For standard deviation, however, the CLT does not hold, so in order to calculate the SD of the SD, we calculate SD for various sample sizes, and using an exponential model, we estimate the number of samples needed.

rm(list = ls())

coins = c(0.01, 0.05, 0.1, 0.25, 0.5)
price = 0.25    # in dollars
niter = c(10, 100, 1000, 10000)
m = 10

stand_dev = as.data.frame(matrix(data = NA, nrow = m, ncol = length(niter)))
colnames(stand_dev) = as.character(niter)
for (k in 1:length(niter)) { # run the code for different number of iterations
  for (j in 1:m) { # m counts for each number of iterations
    change = rep(NA, niter[k])
    for (i in 1:niter[k]) { # calculate the change for each iteration
      total = 0
      change[i] = total - price
      while (change[i] < 0) {
        # we draw a coin with equal probability
        total = total + sample(x = coins, size = 1)
        change[i] = total - price
      }
    }
    # calculate the SD of the change for m counts of 'niter' times
    stand_dev[j, k] = sd(change)
  }
}

Plotting the SD of change for different sample sizes.

require(ggplot2)
require(reshape2)

stand_dev_melt = melt(stand_dev)
stand_dev_melt$variable = as.numeric(as.character(stand_dev_melt$variable))
ggplot(stand_dev_melt, aes(variable, value)) + 
  geom_point() + 
  scale_x_log10("Sample size") + 
  scale_y_continuous("Standard deviation of change")

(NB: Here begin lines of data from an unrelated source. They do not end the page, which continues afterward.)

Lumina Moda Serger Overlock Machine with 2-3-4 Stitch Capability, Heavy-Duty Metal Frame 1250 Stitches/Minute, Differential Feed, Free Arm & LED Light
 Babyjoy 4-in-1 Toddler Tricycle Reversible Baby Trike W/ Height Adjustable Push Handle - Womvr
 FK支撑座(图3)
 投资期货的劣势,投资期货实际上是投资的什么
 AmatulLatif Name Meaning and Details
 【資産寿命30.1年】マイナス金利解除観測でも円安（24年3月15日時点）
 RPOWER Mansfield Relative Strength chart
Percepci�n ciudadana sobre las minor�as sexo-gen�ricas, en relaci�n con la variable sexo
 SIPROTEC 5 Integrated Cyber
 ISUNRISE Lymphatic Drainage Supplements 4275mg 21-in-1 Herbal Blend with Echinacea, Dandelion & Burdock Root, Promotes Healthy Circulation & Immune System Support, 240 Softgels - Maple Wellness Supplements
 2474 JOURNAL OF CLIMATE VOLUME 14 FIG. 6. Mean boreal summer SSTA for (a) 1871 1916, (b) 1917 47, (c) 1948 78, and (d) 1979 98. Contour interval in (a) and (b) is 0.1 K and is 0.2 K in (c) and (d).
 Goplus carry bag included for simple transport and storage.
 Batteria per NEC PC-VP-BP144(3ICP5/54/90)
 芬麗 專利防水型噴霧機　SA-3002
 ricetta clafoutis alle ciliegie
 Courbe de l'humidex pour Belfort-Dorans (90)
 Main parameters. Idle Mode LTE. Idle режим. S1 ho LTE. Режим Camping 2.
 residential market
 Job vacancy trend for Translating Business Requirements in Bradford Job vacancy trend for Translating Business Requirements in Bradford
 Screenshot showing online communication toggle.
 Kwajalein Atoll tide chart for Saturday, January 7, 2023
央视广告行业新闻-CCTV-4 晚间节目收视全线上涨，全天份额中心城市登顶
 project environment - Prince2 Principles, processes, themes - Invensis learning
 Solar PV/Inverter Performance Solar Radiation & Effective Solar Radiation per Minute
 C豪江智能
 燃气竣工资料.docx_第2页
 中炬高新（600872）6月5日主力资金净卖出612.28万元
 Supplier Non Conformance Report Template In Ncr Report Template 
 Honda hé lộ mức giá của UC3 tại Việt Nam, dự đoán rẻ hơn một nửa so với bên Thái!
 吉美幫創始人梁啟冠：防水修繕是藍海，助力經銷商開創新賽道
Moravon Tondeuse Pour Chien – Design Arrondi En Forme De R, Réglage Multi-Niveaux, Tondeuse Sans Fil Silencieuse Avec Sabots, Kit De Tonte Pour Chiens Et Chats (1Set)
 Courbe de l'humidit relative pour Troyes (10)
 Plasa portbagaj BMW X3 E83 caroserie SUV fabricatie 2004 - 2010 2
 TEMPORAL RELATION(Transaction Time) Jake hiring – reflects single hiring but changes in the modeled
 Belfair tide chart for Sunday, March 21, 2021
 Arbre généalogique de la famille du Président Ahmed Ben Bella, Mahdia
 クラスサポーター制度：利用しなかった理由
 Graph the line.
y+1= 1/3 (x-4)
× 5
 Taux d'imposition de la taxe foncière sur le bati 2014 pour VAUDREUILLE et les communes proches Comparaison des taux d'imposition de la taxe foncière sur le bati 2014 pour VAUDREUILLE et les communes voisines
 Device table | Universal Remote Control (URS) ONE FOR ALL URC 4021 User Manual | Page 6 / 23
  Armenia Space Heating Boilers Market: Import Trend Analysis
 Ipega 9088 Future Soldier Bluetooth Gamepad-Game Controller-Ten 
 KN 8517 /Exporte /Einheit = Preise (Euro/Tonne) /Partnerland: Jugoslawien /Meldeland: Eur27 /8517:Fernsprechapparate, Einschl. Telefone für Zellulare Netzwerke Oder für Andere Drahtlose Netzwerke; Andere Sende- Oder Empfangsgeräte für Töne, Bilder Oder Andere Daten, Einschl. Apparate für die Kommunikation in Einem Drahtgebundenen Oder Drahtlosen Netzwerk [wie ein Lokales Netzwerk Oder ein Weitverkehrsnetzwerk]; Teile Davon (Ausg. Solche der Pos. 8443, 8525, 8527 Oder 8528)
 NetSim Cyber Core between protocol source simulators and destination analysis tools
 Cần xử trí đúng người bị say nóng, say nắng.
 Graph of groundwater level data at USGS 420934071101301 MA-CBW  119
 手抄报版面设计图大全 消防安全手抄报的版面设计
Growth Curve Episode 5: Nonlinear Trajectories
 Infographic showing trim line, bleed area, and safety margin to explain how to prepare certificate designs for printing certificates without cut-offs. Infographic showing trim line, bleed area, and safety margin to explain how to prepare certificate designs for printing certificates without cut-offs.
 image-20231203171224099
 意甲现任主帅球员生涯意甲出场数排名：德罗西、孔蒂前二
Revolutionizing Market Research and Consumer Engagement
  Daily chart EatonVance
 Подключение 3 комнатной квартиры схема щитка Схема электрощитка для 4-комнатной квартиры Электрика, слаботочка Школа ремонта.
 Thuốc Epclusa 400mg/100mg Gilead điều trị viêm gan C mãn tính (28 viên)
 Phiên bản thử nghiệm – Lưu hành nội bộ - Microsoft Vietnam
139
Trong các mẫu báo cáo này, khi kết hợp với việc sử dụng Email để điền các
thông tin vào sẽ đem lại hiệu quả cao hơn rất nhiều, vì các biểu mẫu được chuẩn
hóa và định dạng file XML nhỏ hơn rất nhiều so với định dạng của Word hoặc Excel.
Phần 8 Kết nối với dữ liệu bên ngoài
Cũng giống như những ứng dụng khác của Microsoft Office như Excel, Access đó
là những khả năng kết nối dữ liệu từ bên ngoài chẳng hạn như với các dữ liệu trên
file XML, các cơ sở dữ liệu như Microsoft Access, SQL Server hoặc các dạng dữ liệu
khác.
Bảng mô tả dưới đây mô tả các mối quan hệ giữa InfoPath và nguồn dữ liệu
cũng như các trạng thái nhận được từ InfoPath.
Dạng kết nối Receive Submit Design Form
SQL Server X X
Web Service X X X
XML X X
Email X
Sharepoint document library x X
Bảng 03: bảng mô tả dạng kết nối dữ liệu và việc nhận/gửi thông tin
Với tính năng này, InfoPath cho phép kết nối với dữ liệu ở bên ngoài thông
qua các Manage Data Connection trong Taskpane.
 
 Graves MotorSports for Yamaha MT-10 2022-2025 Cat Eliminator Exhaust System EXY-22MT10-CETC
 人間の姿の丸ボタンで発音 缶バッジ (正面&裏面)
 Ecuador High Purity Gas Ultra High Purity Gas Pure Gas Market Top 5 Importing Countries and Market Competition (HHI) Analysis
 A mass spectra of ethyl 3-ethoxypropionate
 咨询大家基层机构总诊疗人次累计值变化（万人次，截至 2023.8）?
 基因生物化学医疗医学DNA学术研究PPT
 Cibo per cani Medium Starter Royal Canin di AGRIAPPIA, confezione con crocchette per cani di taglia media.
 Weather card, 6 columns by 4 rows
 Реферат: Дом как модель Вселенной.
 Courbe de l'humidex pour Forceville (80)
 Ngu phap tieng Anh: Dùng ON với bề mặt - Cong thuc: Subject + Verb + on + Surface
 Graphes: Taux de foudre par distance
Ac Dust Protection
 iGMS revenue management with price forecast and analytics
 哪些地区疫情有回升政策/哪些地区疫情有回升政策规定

plot of chunk unnamed-chunk-3

As we can see, the SD converges as sample size increases. To find out what sample size is needed for the SD to be precise to 10 digits, we need to calculate the SD of SD.

sos = data.frame(x = niter,
                 y = sapply(stand_dev, function(x) sd(x)))
ggplot(sos, aes(x, y)) + 
  geom_point(size = 4) +
  stat_smooth(method = "lm", col = "red") +
  scale_x_log10("Sample size") + 
  scale_y_log10("SD of SD")

plot of chunk unnamed-chunk-4

SD of SD seems to have a linear relationship with sample size in log-log scale, so we can fit a line, and predict the sample size needed

exponential.model <- lm(data = sos, log10(y)~ log10(x))
summary(exponential.model)

## 
## Call:
## lm(formula = log10(y) ~ log10(x), data = sos)
## 
## Residuals:
##      10     100    1000   10000 
## -0.0234  0.0615 -0.0527  0.0146 
## 
## Coefficients:
##             Estimate Std. Error t value Pr(>|t|)   
## (Intercept)  -0.9945     0.0741   -13.4   0.0055 **
## log10(x)     -0.5848     0.0270   -21.6   0.0021 **
## ---
## Signif. codes:  0 '***' 0.001 '**' 0.01 '*' 0.05 '.' 0.1 ' ' 1
## 
## Residual standard error: 0.0605 on 2 degrees of freedom
## Multiple R-squared:  0.996,  Adjusted R-squared:  0.994 
## F-statistic:  468 on 1 and 2 DF,  p-value: 0.00213

coef = exponential.model$coefficients
num_sample = 10^((-11 - coef[1])/coef[2])

In order to have 10 digits of precision for SD, the sd(sd(x)) should be 1e-11. So the number of samples needed is 1.2875 × 10¹⁷!

End.